During the incident, some customers were unable to perform regular actions with the Greenlight Guru - Quality Management system.

Timeline

  • 05:40 PM UTC - Internal monitoring system alerted team of elevated errors
  • 05:42 PM UTC - Internal response team began investigation of errors
  • 05:50 PM UTC - Internal response team confirmed issue with 3rd party vendor
  • 05:53 PM UTC - Communication with 3rd party vendor established, collaborated on resolution path
  • 06:00 PM UTC - Met with 3rd party vendor for status update
  • 06:10 PM UTC - Internal response team flagged gap in fault tolerance with 3rd party vendor
  • 06:21 PM UTC - Received communication with 3rd party vendor that service was being restored incrementally
  • 06:28 PM UTC - Confirmed service fully restored
  • 06:30 PM UTC - Internal team monitored functionality and 3rd party vendor status for next 3hrs.

Remediation

Immediate: The Greenlight Guru team worked with the vendor to ensure a timely restoration.

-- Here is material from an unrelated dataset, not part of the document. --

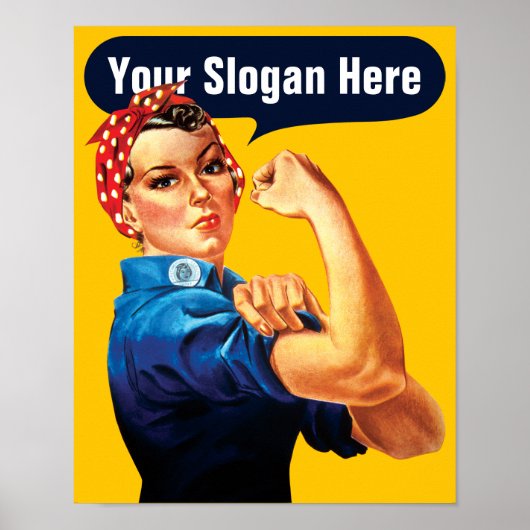 Rosie de riveter - voeg uw eigen aangepaste slogan poster (Voorkant)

Post: The Greenlight Guru team closely monitored functionality for several hours after the incident.

Action Items

  1. Improve Fault Tolerance with 3rd Party Vendors

    1. Strengthen system resilience to third-party failures
    2. Improve client error handling to account for fault tolerance scenarios
Posted Aug 14, 2025 - 18:17 EDT

Resolved

This incident has been resolved.
Posted Aug 07, 2025 - 14:52 EDT

Monitoring

The third-party vendor has resolved the issue, and access to our application is being restored. We will continue to monitor the situation.
Posted Aug 07, 2025 - 14:26 EDT

Update

We are continuing to work on a fix for this issue.
Posted Aug 07, 2025 - 14:18 EDT

Identified

We’re currently experiencing a service disruption due to an outage with a third-party vendor. We’re monitoring their progress and will provide updates as we learn more.
Posted Aug 07, 2025 - 14:03 EDT

Investigating

We are currently investigating this issue.
Posted Aug 07, 2025 - 13:49 EDT
This incident affected: Greenlight - QMS (Greenlight - US, Greenlight - EU, Greenlight - AUS, Greenlight - Singapore).